Molfun supports exporting trained models to ONNX and TorchScript for production deployment. Both formats enable inference without a Python runtime, on mobile devices, or with optimized serving frameworks.

Export workflow

flowchart LR
    A[Trained Model] --> B{LoRA?}
    B -->|Yes| C[model.merge]
    B -->|No| D[Export]
    C --> D
    D --> E[ONNX]
    D --> F[TorchScript]
    E --> G[ONNX Runtime]
    E --> H[TensorRT]
    E --> I[Triton Inference Server]
    F --> J[LibTorch C++]
    F --> K[TorchServe]
    F --> L[Mobile]

Merge LoRA weights before export

If your model was fine-tuned with LoRA, you must call model.merge() before exporting.
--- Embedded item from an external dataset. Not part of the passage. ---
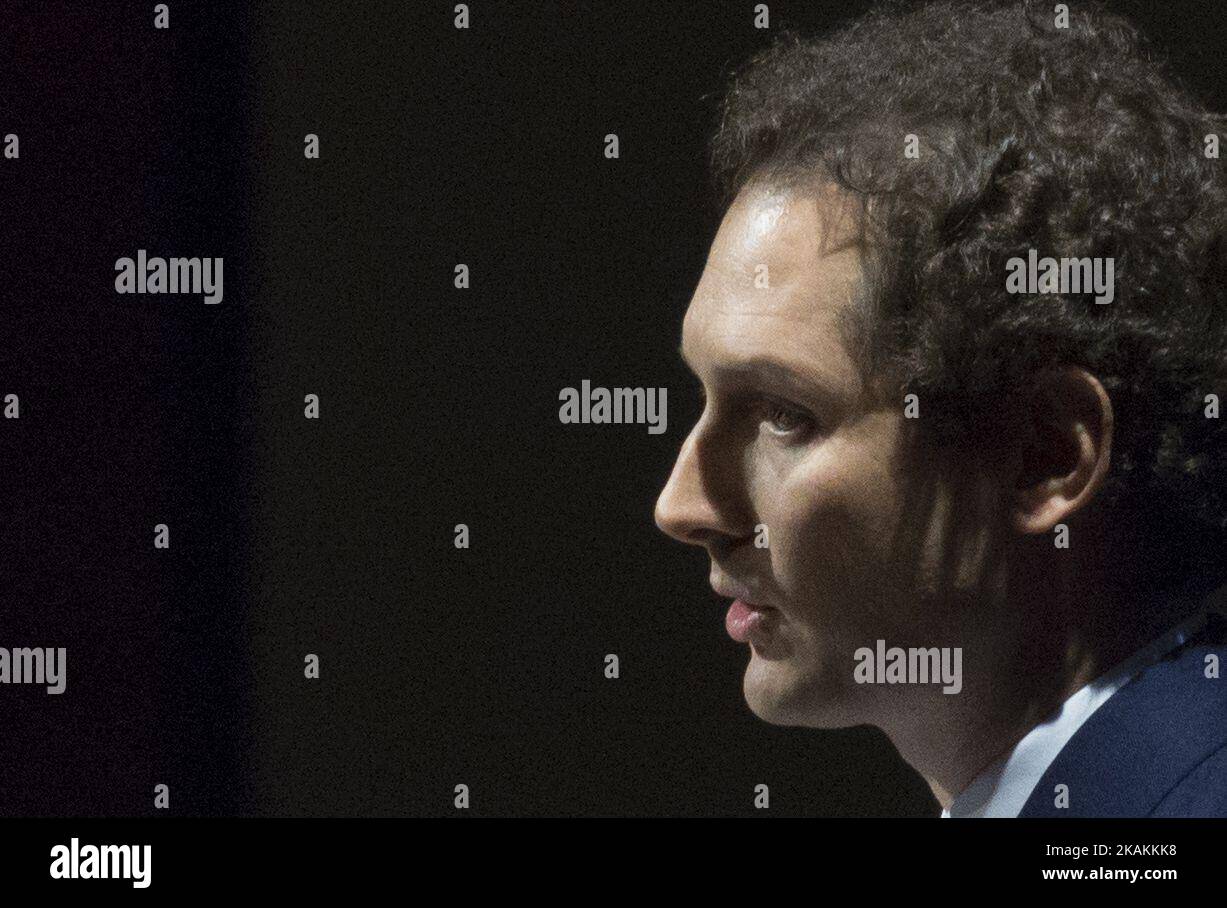 John Elkan the chairman of Editrice La Stampa speaks during the 150th anniversary of foundation of italian newspaper La Stampa at Auditorium Giovanni Agnelli at Lingotto in Turin, Italy on February 9, 2017. At the event were present many celebrities in particular the Italian president Sergio Mattarella, John Elkann and Sergio Marchionne. (Photo by Mauro Ujetto/NurPhoto) *** Please Use Credit from Credit Field *** Stock Photo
This folds the low-rank adapter weights back into the base model so the exported artifact is self-contained.

ONNX Export

Using the model API

from molfun.models import MolfunStructureModel

model = MolfunStructureModel("openfold", weights="checkpoint.pt")
model.merge()  # if LoRA fine-tuned

path = model.export_onnx(
    "model.onnx",
    seq_len=256,        # dummy sequence length for tracing
    opset_version=17,   # ONNX opset version
    simplify=True,      # run onnx-simplifier (requires onnxsim)
    device="cpu",       # device for tracing
)
print(f"Exported to {path}")

Using the functional API

from molfun.export import export_onnx

path = export_onnx(
    model,
    "model.onnx",
    seq_len=256,
    opset_version=17,
    dynamic_axes={
        "aatype": {0: "batch", 1: "seq_len"},
        "residue_index": {0: "batch", 1: "seq_len"},
        "output": {0: "batch", 1: "seq_len"},
    },
    simplify=False,
    check=True,     # validate with onnx.checker
    device="cpu",
)

Parameters

Parameter Default Description
path (required) Output .onnx file path
seq_len 256 Sequence length for the dummy tracing input
opset_version 17 ONNX opset version
dynamic_axes Auto Custom dynamic axes mapping; defaults to dynamic batch and seq_len
simplify False Run onnx-simplifier after export (requires pip install onnxsim)
check True Validate the exported model with onnx.checker
device "cpu" Device for tracing

Inference with ONNX Runtime

import onnxruntime as ort
import numpy as np

session = ort.InferenceSession("model.onnx")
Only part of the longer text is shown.